* **INFORMATION PROVIDED**:
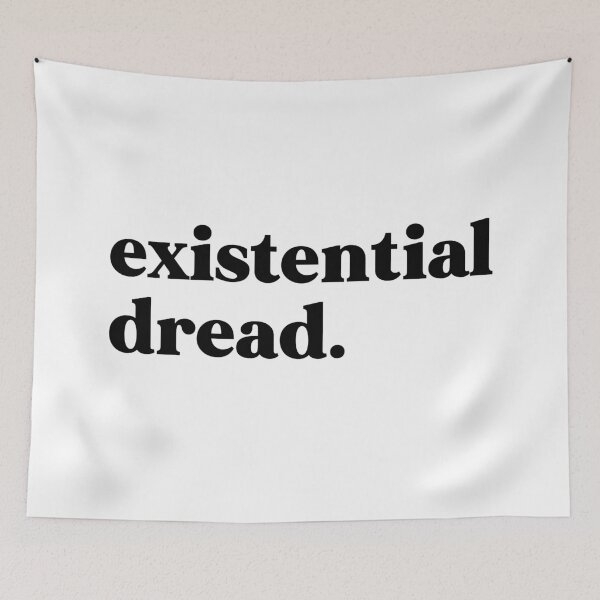 Item preview, Existential dread designed and sold by weirdly weird.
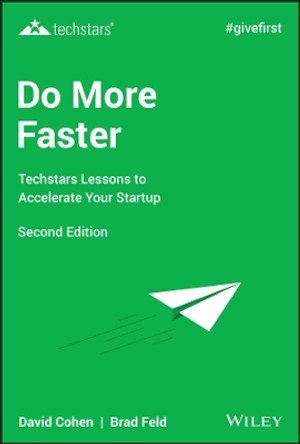 Do More Faster: Techstars Lessons to Accelerate Your Startup by Brad Feld 9781119583288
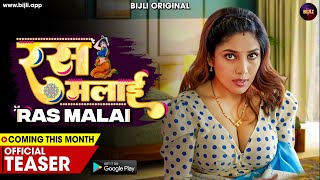 RASMALAI | रसमलाई | Official Teaser | Coming This Month | Only On Bijli App | #SharnayaJeetKaur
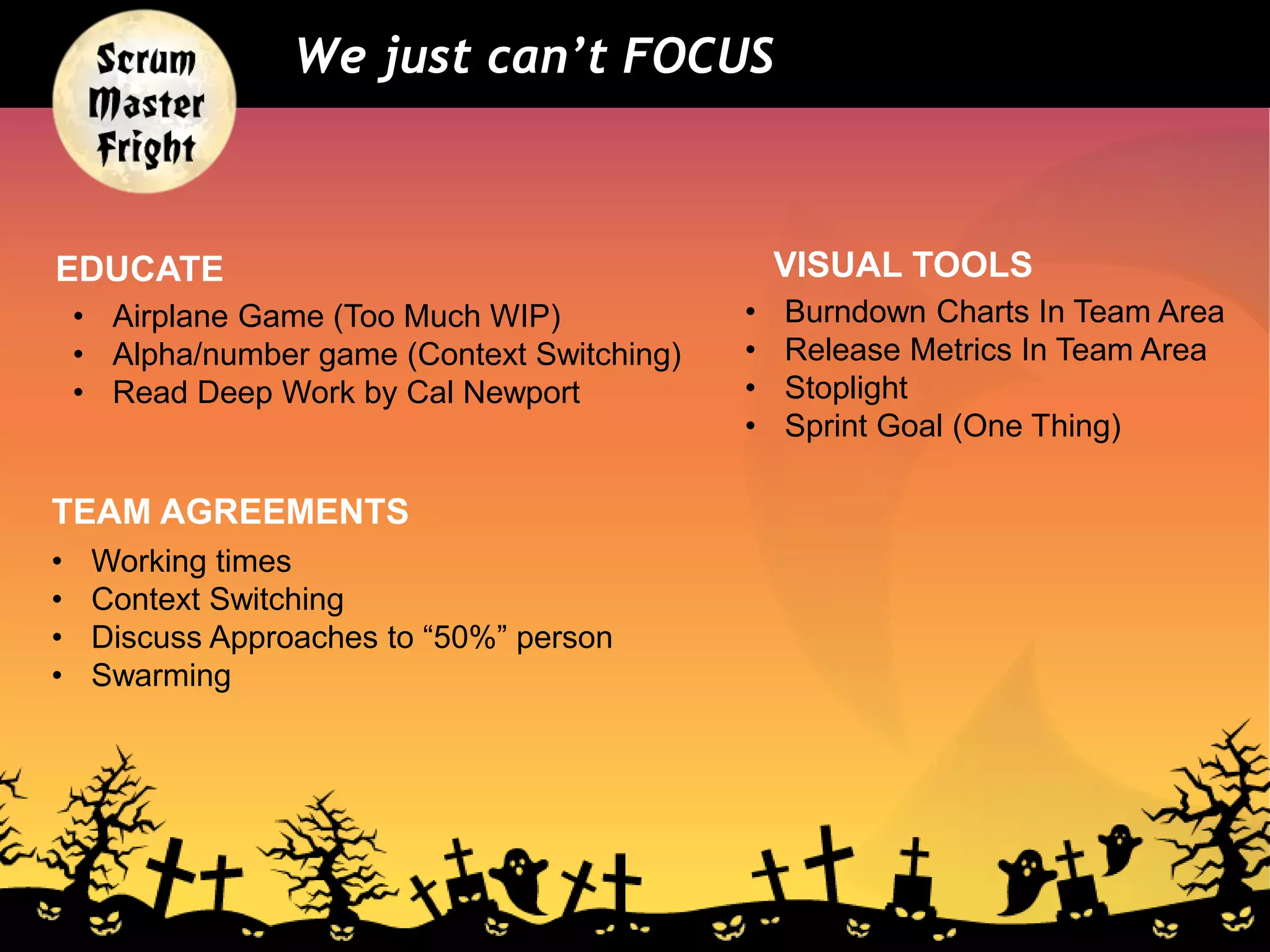 We just can’t FOCUS
• Working times
• Context Switching
• Discuss Approaches to “50%” person
• Swarming
EDUCATE
• Airplane Game (Too Much WIP)
• Alpha/number game (Context Switching)
• Read Deep Work by Cal Newport
VISUAL TOOLS
• Burndown Charts In Team Area
• Release Metrics In Team Area
• Stoplight
• Sprint Goal (One Thing)
TEAM AGREEMENTS
 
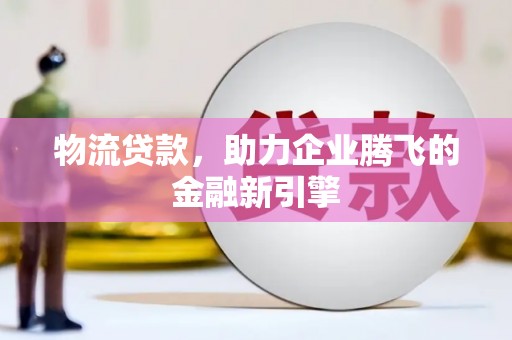 东营物流贷款，助力企业腾飞的金融新引擎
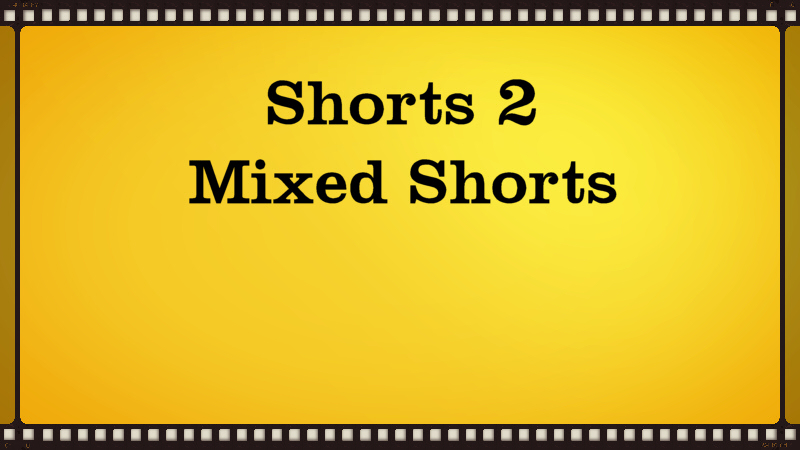 Shorts 2 - Mixed Shorts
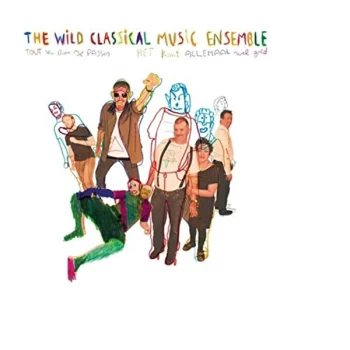 Image of Wild Classical Music Ensemble - Tout Va Bien Se Passer CD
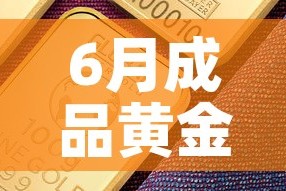 6月成品黄金价格走势—（6月份黄金价格是多少）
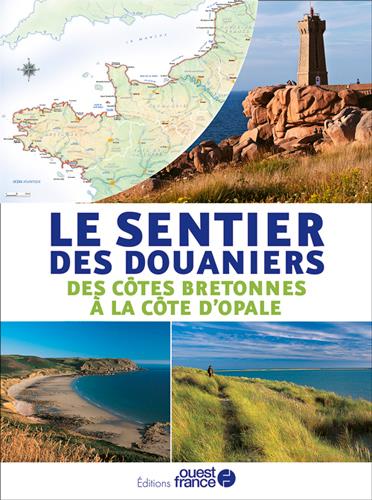 Le sentier des douaniers : des côtes bretonnes à la côtes d'Opale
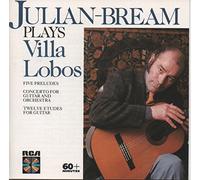 Julian Bream Plays Villa Lobos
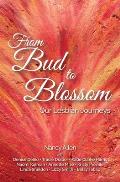 From Bud to Blossom: Our Lesbian Journeys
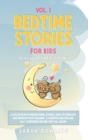 Image for Bedtime Stories for Kids Vol. 1 : A Collection of Inspirational Stories, Read to Stimulate and Improve Your Children&#39;s Cognitive Abilities and Self-Confidence Before They Fall Asleep
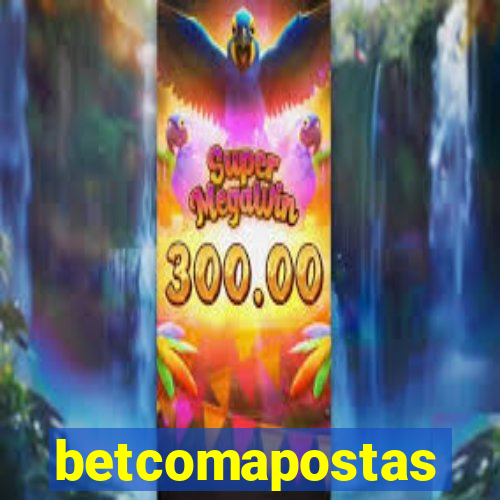 betcomapostas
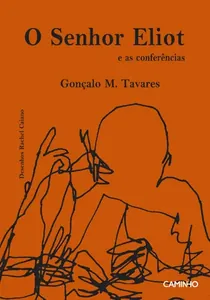 O senhor Eliot e as conferências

* **EXERCISE DESCRIPTION**:
Out of the records above, return only the lines from the one with "VISUAL TOOLS" through the one with "From Bud to Blossom: Our Lesbian Journeys", exactly, and none of the pictures.

* **FINISHED EXERCISE**:
VISUAL TOOLS
• Burndown Charts In Team Area
• Release Metrics In Team Area
• Stoplight
• Sprint Goal (One Thing)
TEAM AGREEMENTS
 
 东营物流贷款，助力企业腾飞的金融新引擎
 Shorts 2 - Mixed Shorts
 Image of Wild Classical Music Ensemble - Tout Va Bien Se Passer CD
 6月成品黄金价格走势—（6月份黄金价格是多少）
 Le sentier des douaniers : des côtes bretonnes à la côtes d'Opale
 Julian Bream Plays Villa Lobos
 From Bud to Blossom: Our Lesbian Journeys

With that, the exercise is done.